A few years ago, on what I recall as a very hot day, me and something like 60,000 others were pounding the route between Sydney CBD and Bondi Beach on the annual City to Surf fun run.
This was my first time doing the run, and there were may things that I recall:
I recall we got up late and missed breakfast so started the run on nothing but Crispy Creme donuts bought the night before, I remember the standing around at the start and the huge rows of port-a-loos, I recall my frustration as it took 16 minutes to 'run' the first kilometer, most of which was spent waiting to get across the starting line, I remember the drum like beating of thousands and thousands of feet marching in step, I remember the bands and the crowds, and I remember the zig zag path I was forced to run to pass all the slower runners who had forced their way to the start of the pack.
But most of all I remember three words dangling from a helicopter in front of me and how they defined that race for me. I'd crested the top of heartbreak hill, my legs were feeling like jelly, my lungs were struggling, my feet were tender and my pace slowing. I remember that I was so close to dropping back to a walk, just for a minute, just for one second, at least that's what I told myself. I so wanted to keep going, but every fibre in my body screamed stop, stop, stop. It was somewhere in this internal struggle that I looked up into the sky and saw those three words in big white text on a black background: "Impossible is Nothing".
I didn't know it at the time, but the full quote is one of the most inspiring quotes I've read:
"Impossible is just a big word thrown around by small men who find it easier to live the world they've been given than to explore the power they have to change it. Impossible is not a fact. It's an opinion. Impossible is not a declaration. It's a dare. Impossible is potential. Impossible is temporary. Impossible is nothing."
Those three words said it all, they sounded right, and so I didn't stop.
I fixated on those three words, and I chanted over and over to myself Impossible is Nothing, Impossible is Nothing, Impossible is nothing. I sped up, I looked at the people in front of me, and one by one, I ran past them, Impossible is Nothing, Impossible is Nothing, Impossible is Nothing. I came around a corner and could see Bondi below me, so I ran faster "Impossible is nothing", down the hill, and into the long flat section parallel to the beach. Impossible is Nothing.
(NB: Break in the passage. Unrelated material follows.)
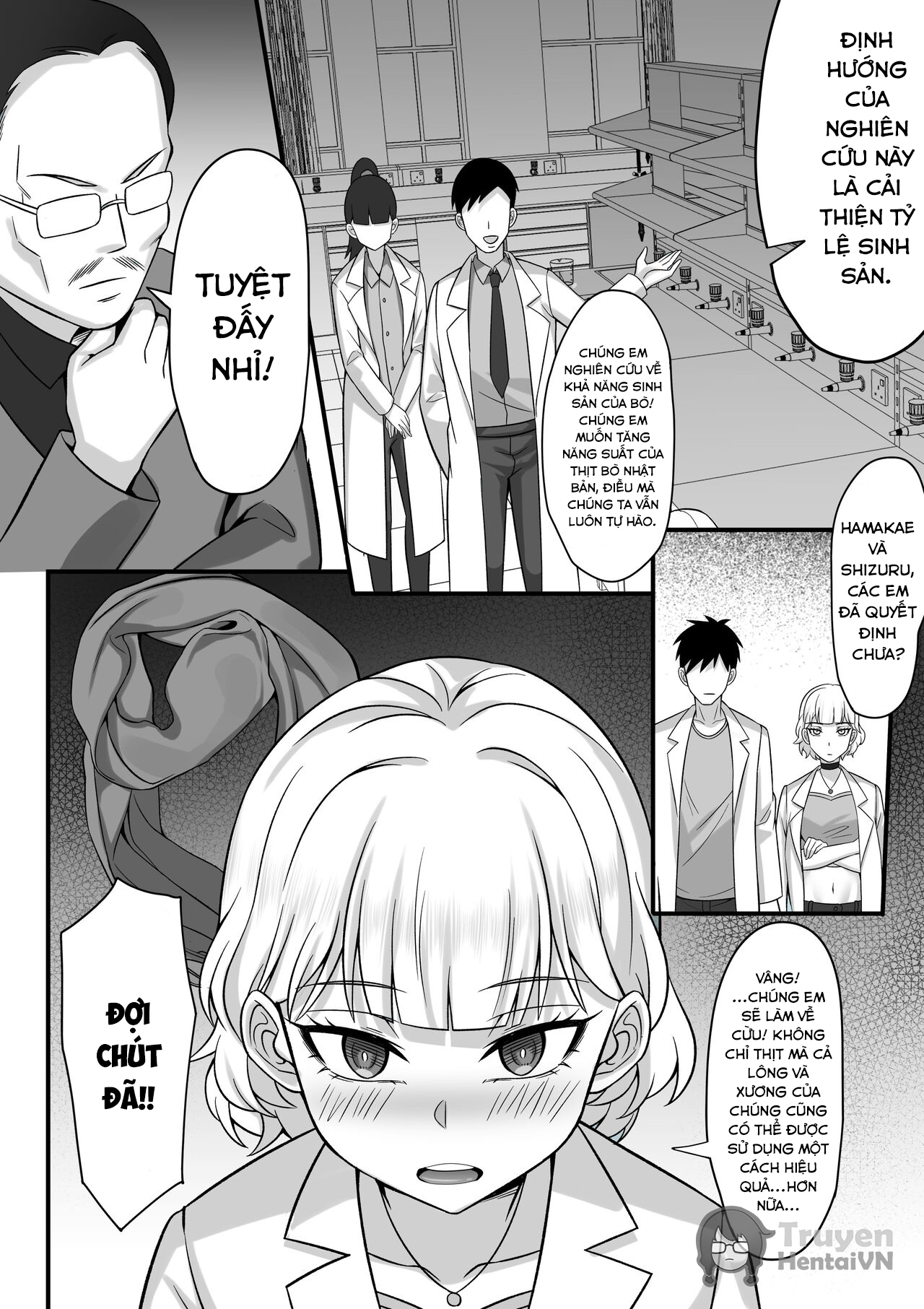 Đọc truyện hentai Ore no Joukyou Seiseikatsu 10-11-12 - Oneshot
My lungs hurt, my legs hurt, but all I could think of were those three words "Impossible is Nothing". I can't explain it now years later, but in that moment I just believed it, I came around the last corner, my lungs bursting, my legs felt like they had nothing in them, but I accelerated from a run to a sprint, those last few hundred metres seemed like an eternity, but with every step I just repeated my mantra, faster, and faster and faster ... IMPOSSIBLE IS NOTHING.
I crossed the line after thousands of others, and no one but me will ever know the pain I suffered afterwards for those efforts, but those three words changed my life because they showed me something I didn't before know: Yes, I still had physical limits, but more importantly within these limits I had mental limits, limits that stopped me before I reached my true boundaries.
Because on that one occasion, inspired by an Adidas advert, I had pushed myself past my preceived limits, beyond what I'd thought possible, now every time I'm in an event and I think "that's it, I'm done" I don't believe it, unless I'm physically collapsing, and that has happened, I now always believe I can go on, I believe in that moment that impossible is temporary, impossible is in fact nothing, and that that person in front or behind me is suffering as much as me, and the thing that will separate us in the end is the belief on what is and isn't possible.
That's why, after almost collapsing at my latest sprint triathlon, I've decided that I'm going to do a half iron-man this year. It's my way of proving that impossible is indeed ... nothing.